*Assignment*
Repeat only the lines from the one that contains "International Women’s Day 2026" through the final line of the listing below, exactly, please, without pictures.

*Dataset excerpt*
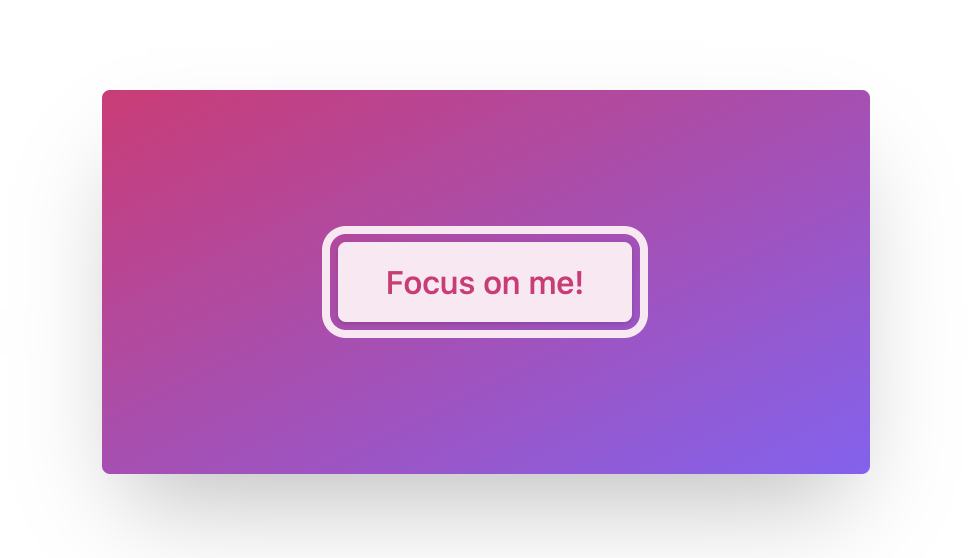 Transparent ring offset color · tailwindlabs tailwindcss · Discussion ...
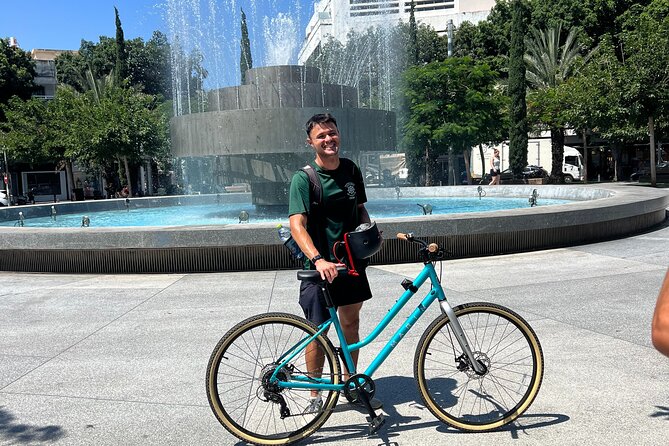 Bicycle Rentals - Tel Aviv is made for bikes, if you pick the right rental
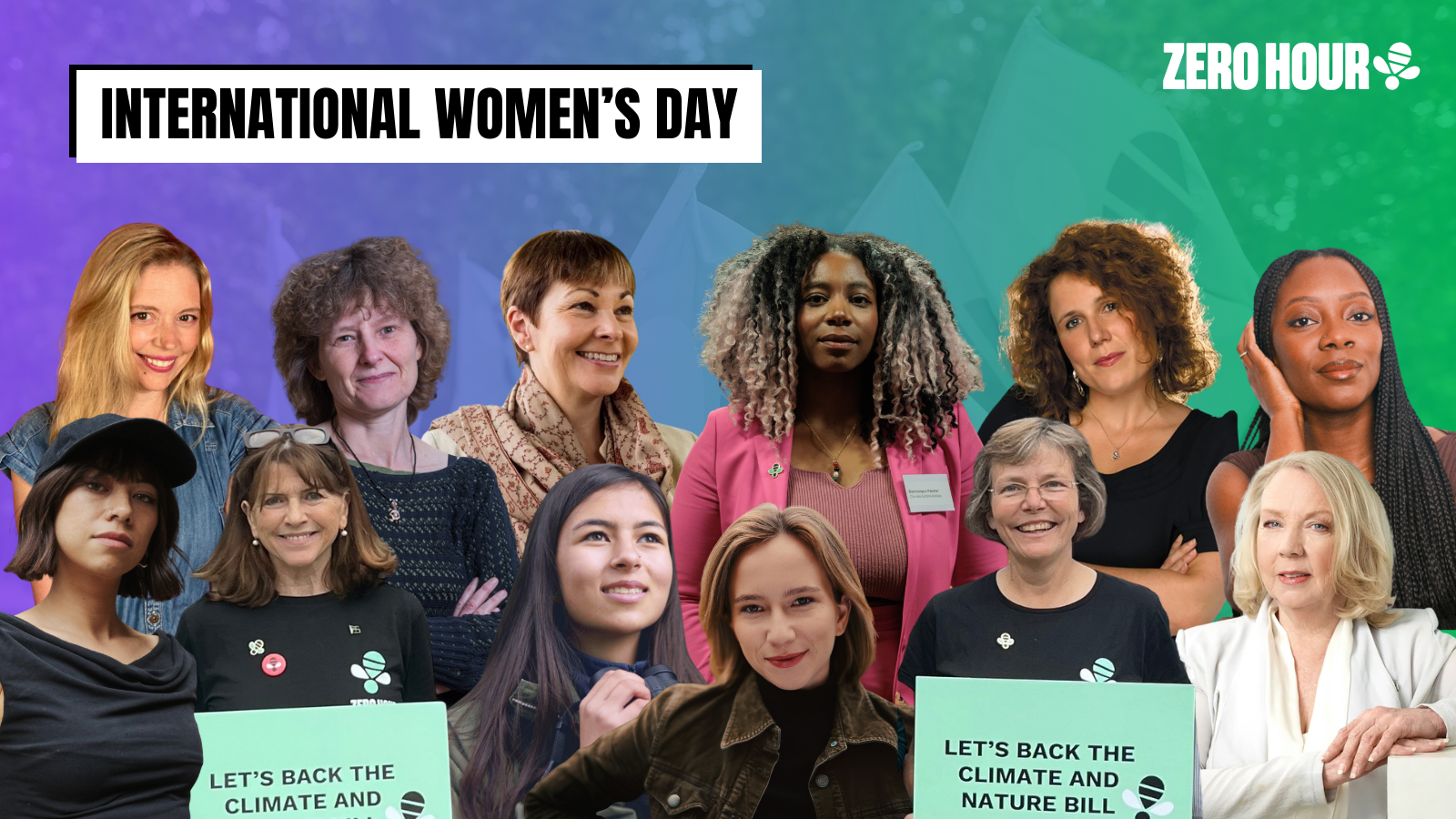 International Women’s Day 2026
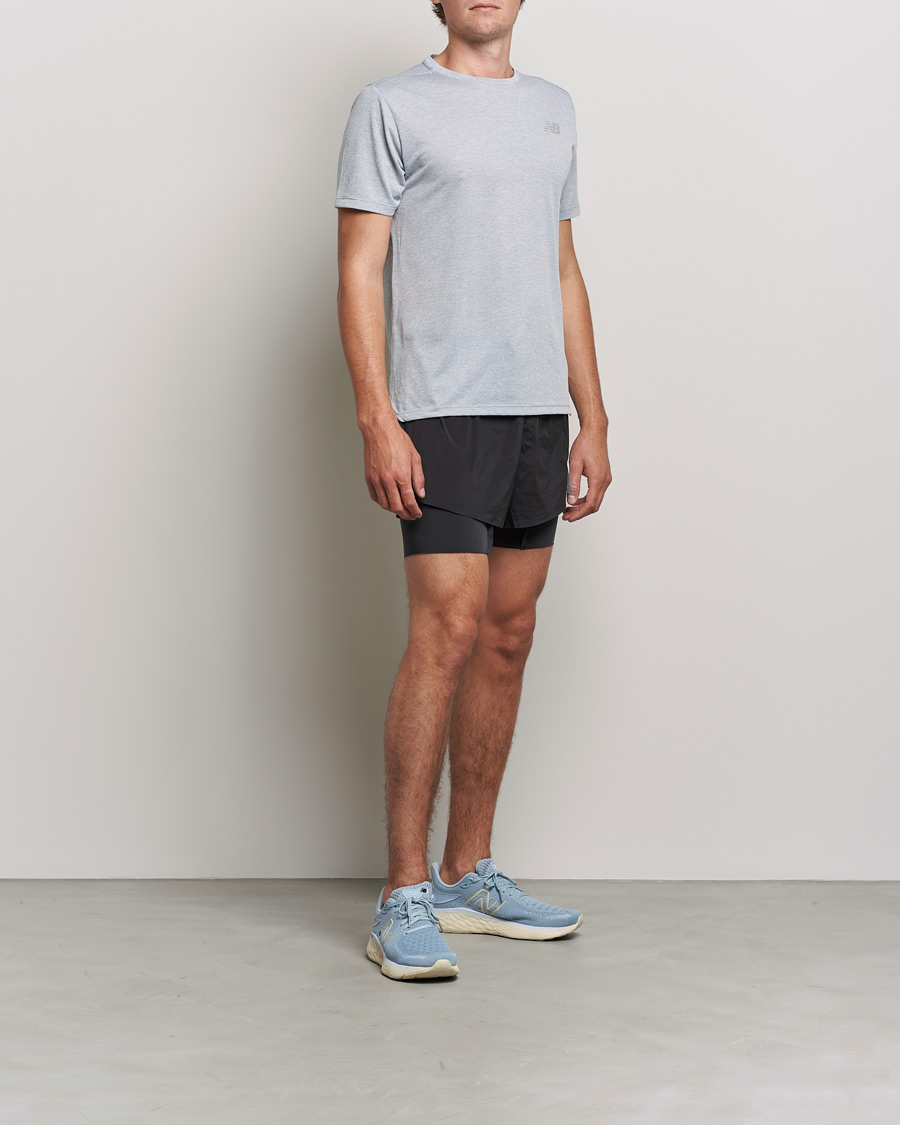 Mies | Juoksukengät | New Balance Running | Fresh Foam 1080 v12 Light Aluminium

*Answer for this exercise*
 International Women’s Day 2026
 Mies | Juoksukengät | New Balance Running | Fresh Foam 1080 v12 Light Aluminium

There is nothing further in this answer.